Given the entries that follow, write out exactly the lines starting at the one containing "Fokker_DR1_0081.jpg" and ending at the one containing "poze q rbd - elly_yummy_rbd - RBD y R3B3LD3", both ends included, and only those.

Records shown
*** Block opens ***

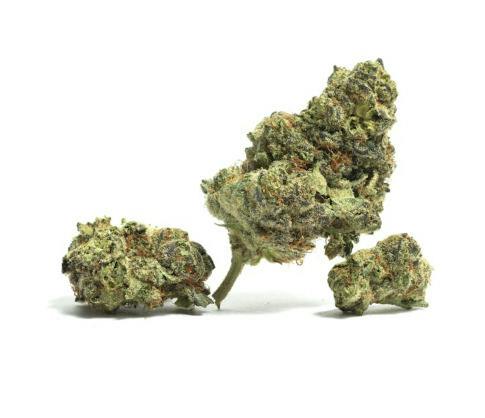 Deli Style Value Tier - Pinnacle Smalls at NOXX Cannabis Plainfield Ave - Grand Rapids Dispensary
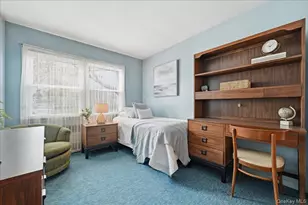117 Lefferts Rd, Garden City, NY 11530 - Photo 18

*** Block closes ***
*** Block opens ***

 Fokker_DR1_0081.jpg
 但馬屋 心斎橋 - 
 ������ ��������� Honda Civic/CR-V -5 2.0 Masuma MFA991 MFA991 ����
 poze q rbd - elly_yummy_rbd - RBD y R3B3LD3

*** Block closes ***

Solution
 Fokker_DR1_0081.jpg
 但馬屋 心斎橋 - 
 ������ ��������� Honda Civic/CR-V -5 2.0 Masuma MFA991 MFA991 ����
 poze q rbd - elly_yummy_rbd - RBD y R3B3LD3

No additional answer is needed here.